Afin d'améliorer simultanément la durée du plasma de fusion et sa puissance, l'Agence internationale de l'énergie (AIE) et l'Agence internationale de l'énergie atomique (AIEA) ont créé en 2020 un réseau d'experts baptisé CICLOP (Coordination on International Challenges on Long duration OPeration), présidé par un expert de l'IRFM.
Le groupe CICLOP a collecté et analysé une base de données multi-machines, provenant d'expériences de dix tokamaks et de deux stellarators dans le monde entier. Celle-ci est accessible à tous sur une page ouverte du site internet de l'AIEA.
Par exemple, un indicateur simple a été défini pour comparer les différentes installations de fusion : la puissance de chauffage du plasma rapportée à sa surface. Il est fortement réduit lorsqu'on augmente la durée du plasma de fusion. En effet, pour chauffer le plasma, Il faut injecter une puissance élevée qu'il est ensuite difficile d'évacuer sur des temps longs sans dommages pour les composants les plus exposés. C'est un défi que les équipes de l'IRFM cherchent à relever avec le tokamak WEST, afin de préparer l'exploitation d'ITER.
Un autre indicateur est fourni par la pression normalisée du plasma de fusion (divisée par la pression imposée par le champ magnétique du tokamak). Lui aussi s'effondre avec la durée du plasma de fusion. La pression normalisée attendue pour ITER (1,8) en régime de fonctionnement normal est inférieure à celle qui serait visée pour certains projets innovants de centrale de fusion (au-delà de 2,5). Le tokamak JT-60SA récemment mis en service au Japon en collaboration avec l'Europe (et en particulier le CEA) explorera un fonctionnement à forte pression normalisée de plasma de fusion sur des temps longs.
Les analyses montrent que chacun des objectifs d'ITER (durée et puissance du plasma) a été atteint et même dépassé individuellement mais elles donnent aussi à voir le chemin restant à parcourir pour obtenir ces performances simultanément.

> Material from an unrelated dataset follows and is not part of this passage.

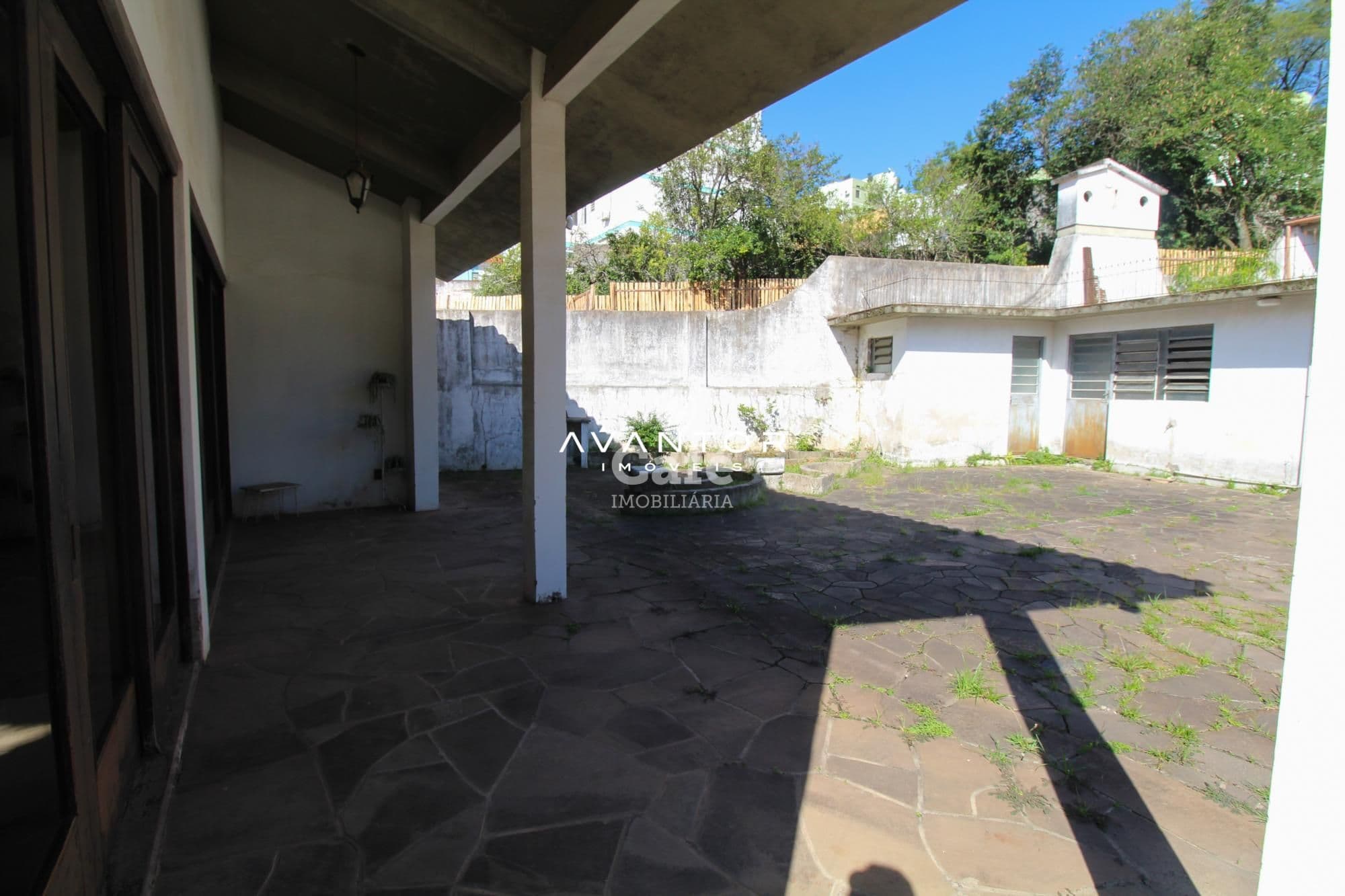 Casa/Terreno localizada em ótimo bairro de Santa Maria/RS — Casa com 5 quartos à venda em Centro, Santa Maria/RS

Le groupe CICLOP a en particulier identifié les écarts en termes de physique et d'ingénierie entre les résultats actuels et l'objectif pour ITER et les futures centrales. Dans ce contexte, il est important de mettre en œuvre des plasmas fortement rayonnants aux bords et d'étudier les effets du vieillissement des matériaux exposés sur les performances du plasma.